DON'T ARGUE WITH
the interviews - band members
WAIT FOR ME!
robert williams pants out
early 1997 [PRIVATE SOURCE]
by scott mcfarland
is early months 1997 written interview ROBERT WILLIAMS
'wait for me' was his beefheart pseudonym.
the piece originally appeared without title at a now defunct website
THIS is PART 1 - part 2
where this interview came from: in november of 1996 i heard that the great robert williams was playing on a new release by zoogz rift. i sent zoogz an e-mail curious as to whether robert might be interested in doing an interview regarding his time in the magic band (from 1977 through early 1981, i believe, and including the two masterpiece albums 'shiny beast (bat chain puller)' and 'doc at the radar station'). i sent robert the twenty-six questions which follow, and received back a five page written response from him, which i could then put out onto the net [where he had a website - teejo].
robert's always been a musical hero of mine; his playing on those two aforementioned elpees is so detailed and 'inside' of the music as to be truly an awe-inspiring feat, in my humble opinion. i look forward to the future projects which robert mentions herein, and thank him for taking the time to do this.
were there any particular drummers who influenced your playing style when you were younger, or since then?
there were no particular drummers that influenced my playing style. on the other hand i would have to say that every drummer i've ever heard has had an influence on my playing, mostly on what nót to play. i never sat down behind a drum kit and tried to learn any fills or patterns with exception of a cream or hendrix song when i was a little kid. most influences come subliminally and manage to surface from time to time when i'm playing on my own.
the way i like to approach a song is to play it differently and still have it groove. artie tripp [ed marimba] was good at that. occasionally i'm required to learn a song from a record with another drummer playing on it. such was the case when having to learn parts off 'clear spot', 'safe as milk'... etc. for the tours. that can have an influence just from playing them every night.
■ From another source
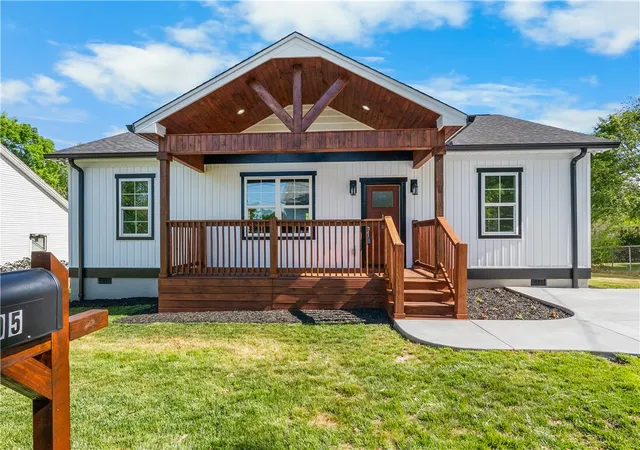 Photo 1 of Single family home for sale at 105 Bailey St, Anderson, SC 29621 | MLS# 20306782 | Listing updated on 2026-09-30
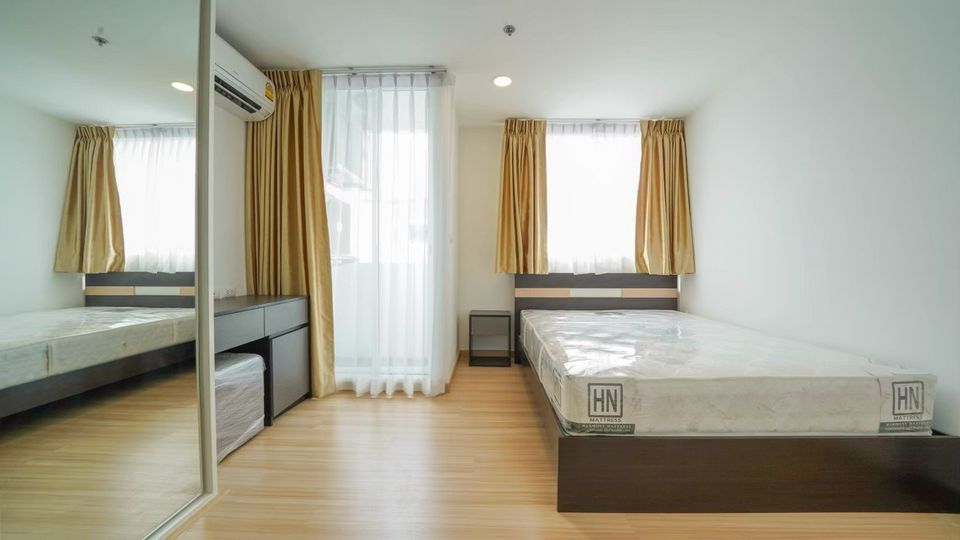 For SaleCondoRama 8, Samsen, Ratchawat : Beautiful room for sale, decorated and ready to move in, Condo Chateau In Town Rama 8 (SM502)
how and when did you get involved with the magic band? how old were you? had you listened to any of the captain beefheart & the magic band music before then?
when i was in boarding school outside of philadelphia in the early 70's i managed to organize a field trip into town to see a jethro tull [band from england - t.t.] concert at the spectrum (on 31 october 1972 - t.t.). captain beefheart was touring 'clear spot' as their supporting act. it was a side show out of a five ring circus with musical chaos that had been organized, choreographed, polished up, and presented with a big crazy bow. i was elated to know that it was possible to perform music like that. it was like hearing music for the first time.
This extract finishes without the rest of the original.